Your instructions: Please write the listing below out again exactly, leaving every picture behind.

Data block:
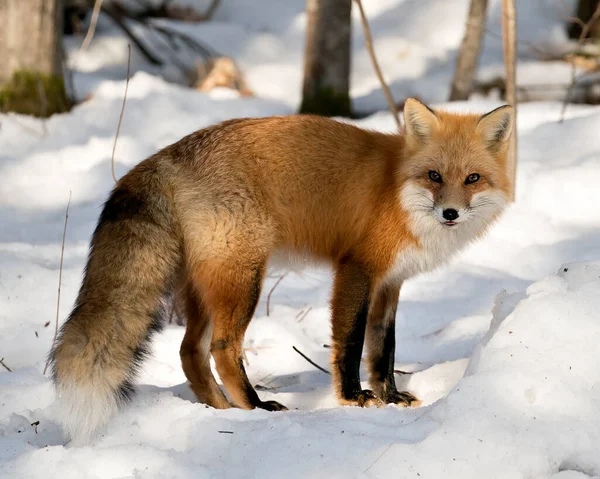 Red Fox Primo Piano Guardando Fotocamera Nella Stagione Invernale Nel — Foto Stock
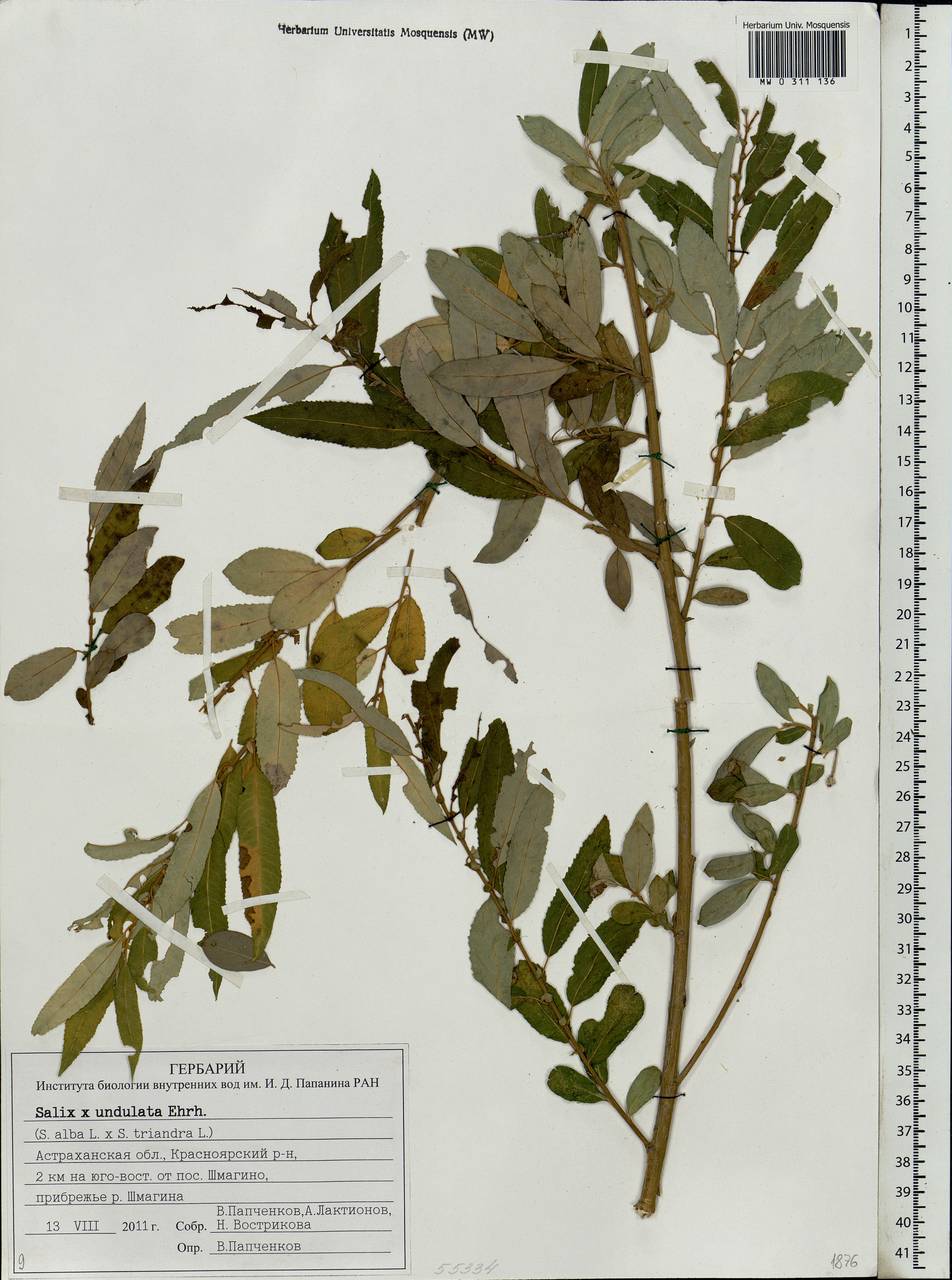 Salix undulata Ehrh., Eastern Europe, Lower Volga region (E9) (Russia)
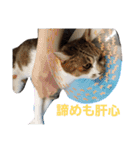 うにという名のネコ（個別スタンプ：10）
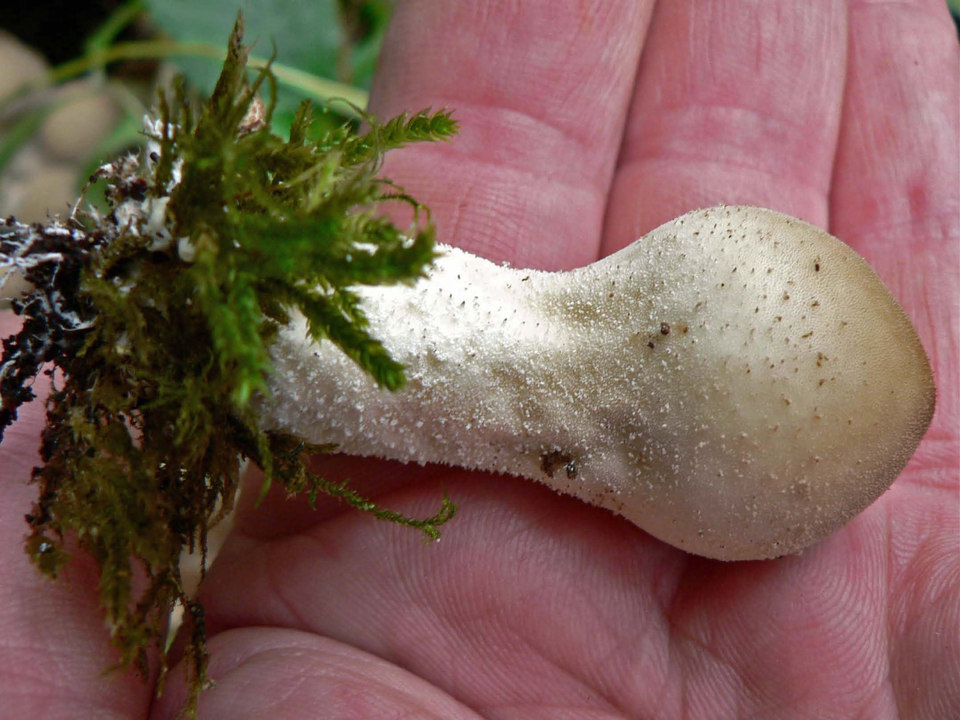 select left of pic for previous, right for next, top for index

The answer:
 Red Fox Primo Piano Guardando Fotocamera Nella Stagione Invernale Nel — Foto Stock
 Salix undulata Ehrh., Eastern Europe, Lower Volga region (E9) (Russia)
 うにという名のネコ（個別スタンプ：10）
 select left of pic for previous, right for next, top for index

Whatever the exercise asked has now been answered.